İkinci şahıs anlatım sadece Essun karakterinde net bir şekilde bulunuyor. Diğer iki başkarakterin anlatımı sınırlı üçüncü şahıs şeklinde ilerliyor; ama yine de bazen bu bölümlerde ikinci şahıs anlatıma doğru ufak sapmalar da olmuyor değil.

Yazımızın başında ödüllerden bahsetmiştim. Bunun sebebi Beşinci Mevsim’in ve serinin devam kitaplarının art arda “Hugo En İyi Roman” ödülünü kazanarak Jemisin’e tarihi bir başarı armağan etmesiydi. Aynı yıllarda Ursula K. Le Guin’in “Hugo En İyi Kurgusal Olmayan Kitap” dalında art arda iki kez ödül kazandığını hatırlarsınız. Yani toplamda on üç kez Hugo’ya layık görülen Le Guin’i oylarıyla “fikirleri en önemli yazar” diye addedenler aynı zamanda diğer taraftan kurgu, üslup ve daha birçok yönden Jemisin’i de beğendiklerini ödül vererek gösterdiler diyebiliriz. Bunun üzerine konuyla ilgili Le Guin’den küçük bir pasaj aklıma geliyor:

“Kurmacada ikinci şahısların (sen, siz) kullanılması haklı olarak çok nadirdir. Arada sırada birileri daha önce hiç yapılmadığını sanarak ikinci tekil veya çoğul şahıs kullandıkları romanlar ve hikâyeler yazarlar.” – Ursula K. Le Guin(8)

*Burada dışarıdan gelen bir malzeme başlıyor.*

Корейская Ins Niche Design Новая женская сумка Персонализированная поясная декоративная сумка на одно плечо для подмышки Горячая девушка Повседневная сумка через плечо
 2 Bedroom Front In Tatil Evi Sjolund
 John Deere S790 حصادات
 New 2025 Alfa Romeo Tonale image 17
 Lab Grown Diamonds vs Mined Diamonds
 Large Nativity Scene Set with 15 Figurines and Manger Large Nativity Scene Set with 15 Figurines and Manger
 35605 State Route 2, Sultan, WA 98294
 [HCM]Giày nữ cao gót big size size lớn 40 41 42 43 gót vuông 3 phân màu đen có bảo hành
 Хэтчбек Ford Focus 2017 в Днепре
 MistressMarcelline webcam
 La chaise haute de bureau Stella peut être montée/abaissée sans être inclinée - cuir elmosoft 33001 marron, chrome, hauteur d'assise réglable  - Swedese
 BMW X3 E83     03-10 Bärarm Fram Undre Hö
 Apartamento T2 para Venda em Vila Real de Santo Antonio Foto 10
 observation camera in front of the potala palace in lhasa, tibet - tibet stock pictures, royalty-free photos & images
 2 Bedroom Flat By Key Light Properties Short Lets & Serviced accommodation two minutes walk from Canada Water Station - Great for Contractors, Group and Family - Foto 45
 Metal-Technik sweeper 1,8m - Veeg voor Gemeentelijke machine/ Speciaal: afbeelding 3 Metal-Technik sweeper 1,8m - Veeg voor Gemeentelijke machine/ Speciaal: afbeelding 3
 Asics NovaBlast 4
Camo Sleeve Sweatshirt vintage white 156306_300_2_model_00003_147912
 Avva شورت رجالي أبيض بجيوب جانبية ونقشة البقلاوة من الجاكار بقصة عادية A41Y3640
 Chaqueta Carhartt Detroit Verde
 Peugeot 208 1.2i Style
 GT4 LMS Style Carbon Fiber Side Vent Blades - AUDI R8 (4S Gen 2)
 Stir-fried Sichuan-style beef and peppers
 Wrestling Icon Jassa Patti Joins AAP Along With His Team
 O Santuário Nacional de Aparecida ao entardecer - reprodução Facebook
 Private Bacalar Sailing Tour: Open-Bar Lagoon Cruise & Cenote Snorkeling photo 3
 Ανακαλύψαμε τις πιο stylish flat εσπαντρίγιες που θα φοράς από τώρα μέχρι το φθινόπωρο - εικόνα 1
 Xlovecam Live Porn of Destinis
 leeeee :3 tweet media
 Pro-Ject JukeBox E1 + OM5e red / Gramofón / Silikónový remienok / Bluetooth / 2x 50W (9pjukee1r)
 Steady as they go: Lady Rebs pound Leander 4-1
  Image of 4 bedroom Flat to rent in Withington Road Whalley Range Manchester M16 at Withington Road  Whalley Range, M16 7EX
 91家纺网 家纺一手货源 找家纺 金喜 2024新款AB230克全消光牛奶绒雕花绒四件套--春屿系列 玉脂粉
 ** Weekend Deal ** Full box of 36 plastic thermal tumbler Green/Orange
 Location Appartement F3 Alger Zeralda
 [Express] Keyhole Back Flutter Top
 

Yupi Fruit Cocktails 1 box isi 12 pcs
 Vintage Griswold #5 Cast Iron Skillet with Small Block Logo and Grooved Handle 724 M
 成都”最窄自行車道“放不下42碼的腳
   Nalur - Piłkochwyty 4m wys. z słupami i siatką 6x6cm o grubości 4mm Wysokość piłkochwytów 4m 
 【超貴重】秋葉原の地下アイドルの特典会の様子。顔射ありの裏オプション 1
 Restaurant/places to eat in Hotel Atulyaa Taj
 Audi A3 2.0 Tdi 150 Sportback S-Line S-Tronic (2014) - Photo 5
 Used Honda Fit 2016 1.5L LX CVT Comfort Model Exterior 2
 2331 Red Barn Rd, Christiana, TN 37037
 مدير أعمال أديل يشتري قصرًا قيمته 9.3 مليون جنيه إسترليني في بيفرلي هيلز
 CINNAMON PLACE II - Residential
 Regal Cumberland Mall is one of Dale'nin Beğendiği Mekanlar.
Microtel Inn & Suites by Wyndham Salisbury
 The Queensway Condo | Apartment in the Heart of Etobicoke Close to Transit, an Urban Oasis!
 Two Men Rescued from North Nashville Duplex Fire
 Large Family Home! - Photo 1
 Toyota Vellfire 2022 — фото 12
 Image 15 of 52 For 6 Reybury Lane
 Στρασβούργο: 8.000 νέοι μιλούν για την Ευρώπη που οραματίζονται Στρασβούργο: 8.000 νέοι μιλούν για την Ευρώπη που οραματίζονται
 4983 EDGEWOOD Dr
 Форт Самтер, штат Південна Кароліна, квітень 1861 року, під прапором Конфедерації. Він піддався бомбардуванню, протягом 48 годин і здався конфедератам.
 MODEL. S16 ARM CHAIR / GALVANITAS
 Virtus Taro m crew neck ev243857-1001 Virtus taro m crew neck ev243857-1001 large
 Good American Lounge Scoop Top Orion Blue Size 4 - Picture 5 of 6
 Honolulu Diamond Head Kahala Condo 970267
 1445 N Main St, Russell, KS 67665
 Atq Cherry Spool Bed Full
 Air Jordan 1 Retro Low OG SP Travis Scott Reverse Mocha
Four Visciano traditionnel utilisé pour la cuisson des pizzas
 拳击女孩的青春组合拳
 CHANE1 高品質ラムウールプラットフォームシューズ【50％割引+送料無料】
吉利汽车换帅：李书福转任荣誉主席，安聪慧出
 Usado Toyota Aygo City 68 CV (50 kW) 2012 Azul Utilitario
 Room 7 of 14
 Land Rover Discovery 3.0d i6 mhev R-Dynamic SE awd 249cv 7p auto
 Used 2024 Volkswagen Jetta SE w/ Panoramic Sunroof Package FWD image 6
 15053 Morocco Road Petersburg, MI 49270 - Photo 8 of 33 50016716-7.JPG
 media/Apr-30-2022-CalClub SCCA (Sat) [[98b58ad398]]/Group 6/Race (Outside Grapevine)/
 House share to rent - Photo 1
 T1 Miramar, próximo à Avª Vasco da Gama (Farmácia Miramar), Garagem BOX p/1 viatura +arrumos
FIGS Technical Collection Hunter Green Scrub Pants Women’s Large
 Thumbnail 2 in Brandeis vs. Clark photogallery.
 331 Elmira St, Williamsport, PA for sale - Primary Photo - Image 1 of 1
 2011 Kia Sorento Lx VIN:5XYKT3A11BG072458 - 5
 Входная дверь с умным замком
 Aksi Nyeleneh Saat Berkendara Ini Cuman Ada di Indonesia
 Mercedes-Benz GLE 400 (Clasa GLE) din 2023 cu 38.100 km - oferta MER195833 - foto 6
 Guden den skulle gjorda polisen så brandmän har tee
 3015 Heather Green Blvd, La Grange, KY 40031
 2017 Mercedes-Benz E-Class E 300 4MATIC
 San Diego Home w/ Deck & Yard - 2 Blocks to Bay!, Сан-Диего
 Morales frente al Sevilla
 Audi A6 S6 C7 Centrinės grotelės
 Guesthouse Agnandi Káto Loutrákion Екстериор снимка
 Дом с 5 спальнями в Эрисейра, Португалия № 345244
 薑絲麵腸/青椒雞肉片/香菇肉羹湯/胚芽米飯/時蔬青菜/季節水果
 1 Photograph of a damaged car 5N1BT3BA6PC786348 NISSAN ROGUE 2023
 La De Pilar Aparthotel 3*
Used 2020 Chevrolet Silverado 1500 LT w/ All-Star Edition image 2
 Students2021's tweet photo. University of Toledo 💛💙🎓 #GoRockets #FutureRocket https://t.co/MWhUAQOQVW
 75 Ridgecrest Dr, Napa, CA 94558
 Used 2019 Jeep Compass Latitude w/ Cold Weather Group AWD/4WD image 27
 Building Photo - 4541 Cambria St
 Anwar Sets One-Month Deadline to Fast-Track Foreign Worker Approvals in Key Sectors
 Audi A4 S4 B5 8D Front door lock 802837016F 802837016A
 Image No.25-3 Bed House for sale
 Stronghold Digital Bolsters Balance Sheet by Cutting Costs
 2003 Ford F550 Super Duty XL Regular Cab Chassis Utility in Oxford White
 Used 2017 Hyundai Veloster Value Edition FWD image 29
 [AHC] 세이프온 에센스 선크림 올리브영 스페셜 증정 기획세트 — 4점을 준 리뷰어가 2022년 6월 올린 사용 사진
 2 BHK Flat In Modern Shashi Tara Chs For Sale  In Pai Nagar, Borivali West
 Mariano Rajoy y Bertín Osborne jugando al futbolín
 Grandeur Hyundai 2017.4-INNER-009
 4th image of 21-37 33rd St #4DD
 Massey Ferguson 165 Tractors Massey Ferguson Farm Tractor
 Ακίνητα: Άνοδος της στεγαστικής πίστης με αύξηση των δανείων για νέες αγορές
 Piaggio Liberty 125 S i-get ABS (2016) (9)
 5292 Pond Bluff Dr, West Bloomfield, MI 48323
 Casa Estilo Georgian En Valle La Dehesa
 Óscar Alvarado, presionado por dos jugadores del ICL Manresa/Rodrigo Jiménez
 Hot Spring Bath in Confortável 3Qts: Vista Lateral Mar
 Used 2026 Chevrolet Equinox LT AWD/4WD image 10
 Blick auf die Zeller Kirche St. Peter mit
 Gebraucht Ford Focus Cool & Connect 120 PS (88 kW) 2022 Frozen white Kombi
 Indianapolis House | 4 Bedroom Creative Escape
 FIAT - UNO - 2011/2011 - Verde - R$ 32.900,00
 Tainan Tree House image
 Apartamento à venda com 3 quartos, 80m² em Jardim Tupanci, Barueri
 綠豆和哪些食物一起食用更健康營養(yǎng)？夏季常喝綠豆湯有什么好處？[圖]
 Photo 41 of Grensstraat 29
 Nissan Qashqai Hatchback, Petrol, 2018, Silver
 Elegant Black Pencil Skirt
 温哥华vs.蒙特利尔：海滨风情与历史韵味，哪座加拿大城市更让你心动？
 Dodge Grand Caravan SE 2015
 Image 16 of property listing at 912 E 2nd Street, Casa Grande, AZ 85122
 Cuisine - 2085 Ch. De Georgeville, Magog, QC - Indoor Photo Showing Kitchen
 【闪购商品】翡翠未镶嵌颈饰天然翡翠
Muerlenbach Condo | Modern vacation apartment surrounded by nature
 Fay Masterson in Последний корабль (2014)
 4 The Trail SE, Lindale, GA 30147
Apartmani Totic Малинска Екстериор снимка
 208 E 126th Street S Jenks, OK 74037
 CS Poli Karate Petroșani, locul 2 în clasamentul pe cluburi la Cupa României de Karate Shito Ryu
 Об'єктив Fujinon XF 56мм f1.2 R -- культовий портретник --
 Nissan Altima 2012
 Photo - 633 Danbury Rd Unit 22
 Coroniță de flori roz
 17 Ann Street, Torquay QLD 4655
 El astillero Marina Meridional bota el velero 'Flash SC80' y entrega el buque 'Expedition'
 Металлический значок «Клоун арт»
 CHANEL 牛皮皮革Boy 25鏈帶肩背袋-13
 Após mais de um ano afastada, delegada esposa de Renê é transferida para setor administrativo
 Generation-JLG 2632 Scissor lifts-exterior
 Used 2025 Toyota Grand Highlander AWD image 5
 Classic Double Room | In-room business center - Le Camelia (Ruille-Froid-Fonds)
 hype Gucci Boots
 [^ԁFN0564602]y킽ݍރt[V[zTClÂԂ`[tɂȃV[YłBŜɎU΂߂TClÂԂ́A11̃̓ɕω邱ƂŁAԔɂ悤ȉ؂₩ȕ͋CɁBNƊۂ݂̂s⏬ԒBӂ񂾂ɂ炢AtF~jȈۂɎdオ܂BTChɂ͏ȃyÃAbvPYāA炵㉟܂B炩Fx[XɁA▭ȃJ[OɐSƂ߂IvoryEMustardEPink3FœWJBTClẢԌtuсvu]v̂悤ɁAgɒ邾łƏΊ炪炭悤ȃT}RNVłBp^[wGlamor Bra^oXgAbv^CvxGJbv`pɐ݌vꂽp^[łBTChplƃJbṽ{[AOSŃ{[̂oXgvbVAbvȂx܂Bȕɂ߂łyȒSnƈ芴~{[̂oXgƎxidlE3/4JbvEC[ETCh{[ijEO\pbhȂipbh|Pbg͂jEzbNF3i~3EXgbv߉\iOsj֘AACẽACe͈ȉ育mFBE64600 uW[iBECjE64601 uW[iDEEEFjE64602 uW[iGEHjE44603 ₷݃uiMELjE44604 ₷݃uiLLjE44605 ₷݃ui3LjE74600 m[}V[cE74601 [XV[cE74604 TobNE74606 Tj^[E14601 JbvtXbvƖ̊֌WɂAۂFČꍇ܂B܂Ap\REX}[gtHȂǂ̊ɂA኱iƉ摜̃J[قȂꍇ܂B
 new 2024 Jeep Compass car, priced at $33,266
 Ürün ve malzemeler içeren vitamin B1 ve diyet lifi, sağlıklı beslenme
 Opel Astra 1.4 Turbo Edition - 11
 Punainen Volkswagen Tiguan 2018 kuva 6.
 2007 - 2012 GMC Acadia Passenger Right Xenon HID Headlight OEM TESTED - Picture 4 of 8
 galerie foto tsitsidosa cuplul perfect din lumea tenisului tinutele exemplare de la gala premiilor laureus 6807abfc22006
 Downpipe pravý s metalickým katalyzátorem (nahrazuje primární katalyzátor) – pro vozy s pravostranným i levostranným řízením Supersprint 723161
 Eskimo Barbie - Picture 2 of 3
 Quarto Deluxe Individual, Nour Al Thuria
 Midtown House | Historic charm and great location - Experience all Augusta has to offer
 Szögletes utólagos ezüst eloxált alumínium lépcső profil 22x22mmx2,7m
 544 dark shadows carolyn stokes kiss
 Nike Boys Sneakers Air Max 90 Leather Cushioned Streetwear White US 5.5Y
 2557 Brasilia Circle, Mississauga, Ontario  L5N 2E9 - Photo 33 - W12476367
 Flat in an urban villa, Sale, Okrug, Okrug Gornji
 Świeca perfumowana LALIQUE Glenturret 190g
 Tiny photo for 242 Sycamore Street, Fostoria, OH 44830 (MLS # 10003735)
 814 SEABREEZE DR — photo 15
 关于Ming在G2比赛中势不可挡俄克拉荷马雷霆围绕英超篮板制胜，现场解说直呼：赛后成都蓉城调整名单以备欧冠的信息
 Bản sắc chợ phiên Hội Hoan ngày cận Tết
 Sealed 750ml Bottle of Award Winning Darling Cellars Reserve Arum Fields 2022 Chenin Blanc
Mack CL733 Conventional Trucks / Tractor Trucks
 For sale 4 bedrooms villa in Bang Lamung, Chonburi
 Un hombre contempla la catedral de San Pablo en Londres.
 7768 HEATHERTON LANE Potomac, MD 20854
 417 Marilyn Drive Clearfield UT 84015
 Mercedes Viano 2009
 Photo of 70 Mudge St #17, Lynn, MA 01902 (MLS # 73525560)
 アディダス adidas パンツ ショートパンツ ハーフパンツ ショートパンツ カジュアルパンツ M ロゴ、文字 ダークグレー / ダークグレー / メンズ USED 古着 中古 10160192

Sonuç olarak Hugo ödüllerinde oy kullanan kesim bir yandan bir yazarın üslubunun önemli olduğuna karar kılarken diğer yandan da öbür yazarın fikirlerinin önemli olduğunu söylüyorlar. Bunun çelişkili bir durum olduğunu düşünüyorum. Kitapları okuyorlar mı? Sanmıyorum. Çünkü kadın düşmanı ve ırkçı söylemleriyle gündeme gelen Vox Day adlı yazar, Hugo ödüllerinde kendi grubunu kurdu ve çarpık fikirleriyle kendi önerdiği kitaplara oy verilmesini grubuna sözde salık veriyor. Hâl böyle olunca siyahi kadın yazar Jemisin’in tarihi başarısının Vox Day’in saldırdığı döneme denk gelmesi zihinlerdeki ufak bir kurdun gözlerini şüphe dünyasına açıyor.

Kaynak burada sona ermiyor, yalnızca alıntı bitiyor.